GBP/USD: Pound Hovers At 4 Month Low After PM Theresa May's Brexit Gamble

The pound extended its decline versus the dollar on Tuesday. Despite a brief spike higher to a peak of US$1.2812, the pound quickly dropped back to US$1.2700.

What do these figures mean?
When measuring the value of a pair of currencies, one set equals 1 unit and the other shows the current equivalent. As the market moves, the amount will vary from minute to minute.For example, it could be written:1 GBP = 1.28934 USDHere, £1 is equivalent to approximately $1.29. This specifically measures the pound’s worth against the dollar. If the US dollar amount increases in this pairing, it’s positive for the pound. Or, if you were looking at it the other way around:1 USD = 0.77786 GBPIn this example, $1 is equivalent to approximately £0.78. This measures the US dollar’s worth versus the British pound. If the sterling number gets larger, it’s good news for the dollar.

Hopes of a vote in Parliament on a second referendum sent the pound soaring higher. However, gains were quickly pared, and the pound shifted back into negative territory following UK Prime Minister Theresa May’s Brexit speech. Theresa May’s desperate bid to get her Brexit deal through Parliament fell flat, pulling the pound southwards in the process.

Whilst Theresa May did offer a vote in Parliament on a second referendum, she did so on the condition that her Brexit deal was agreed on first. The was not well received by ministers. The backlash towards Theresa May started almost as soon as she finished her speech. Theresa May’s Brexit agreement looks set to fail at its fourth attempt through the House of Commons. This raises fears that a pro-Brexit candidate will replace her, which once again bring back fears of a no deal Brexit.

Why is a “soft” Brexit better for sterling than a “hard” Brexit?
A soft Brexit implies anything less than UK’s complete withdrawal from the EU. For example, it could mean the UK retains some form of membership to the European Union single market in exchange for some free movement of people, i.e. immigration. This is considered more positive than a “hard” Brexit, which is a full severance from the EU. The reason “soft” is considered more pound-friendly is because the economic impact would be lower. If there is less negative impact on the economy, foreign investors will continue to invest in the UK. As investment requires local currency, this increased demand for the pound then boosts its value.

Today investors will continue to watch developments in Westminster. Investors could glance towards UK inflation data which is due to be released. Analysts are predicting that inflation ticked higher in April to 2.2%. This would be above the central bank’s 2% target.

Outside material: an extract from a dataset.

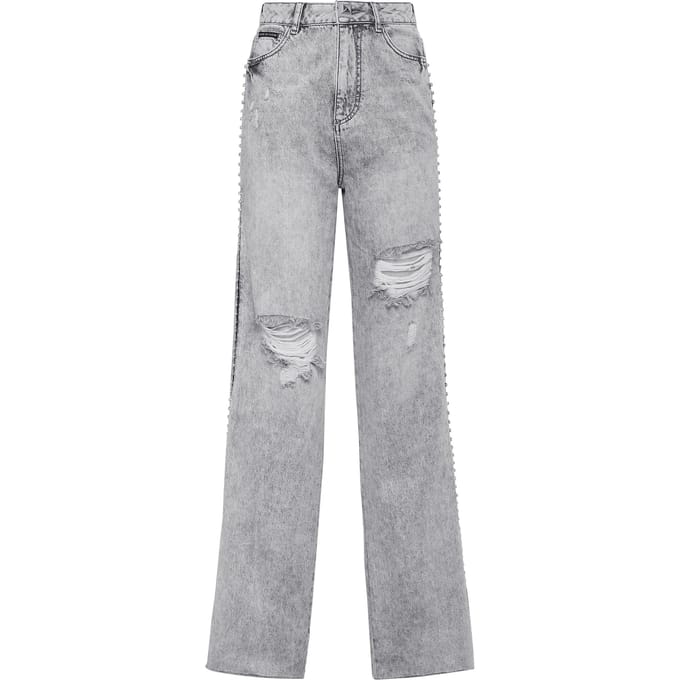 Jeans Met Wijde Pijpen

Under normal circumstances central banks raise interest rates as a way to control inflation. Higher interest rate expectations boost a currency. The Bank of England are unlikely to change monetary policy due to Brexit uncertainties. This means that the pound’s reaction to higher inflation could be muted.

Fed Minutes In Focus

The dollar continued its ascent in the previous session, despite weaker home sales data. Investors weren’t deterred from buying into the greenback, instead looking ahead to the release of the minutes from the Federal Reserve meeting earlier this month.

Analysts are expecting the minutes to boost the dollar. In the meeting Fed Chair Jerome Powell was less cautious than investors had anticipated. He downplayed the prospects of an interest rate cut. The minutes could portray a similar message. If so the dollar could advance further.

Why do raised interest rates boost a currency’s value?
Interest rates are key to understanding exchange rate movements. Those who have large sums of money to invest want the highest return on their investments. Higher interest rate environments tend to offer higher yields. So, if the interest rate or at least the interest rate expectation of a country is relatively higher compared to another, then it attracts more foreign capital investment. Large corporations and investors need local currency to invest. More local currency used then boosts the demand of that currency, pushing the value higher.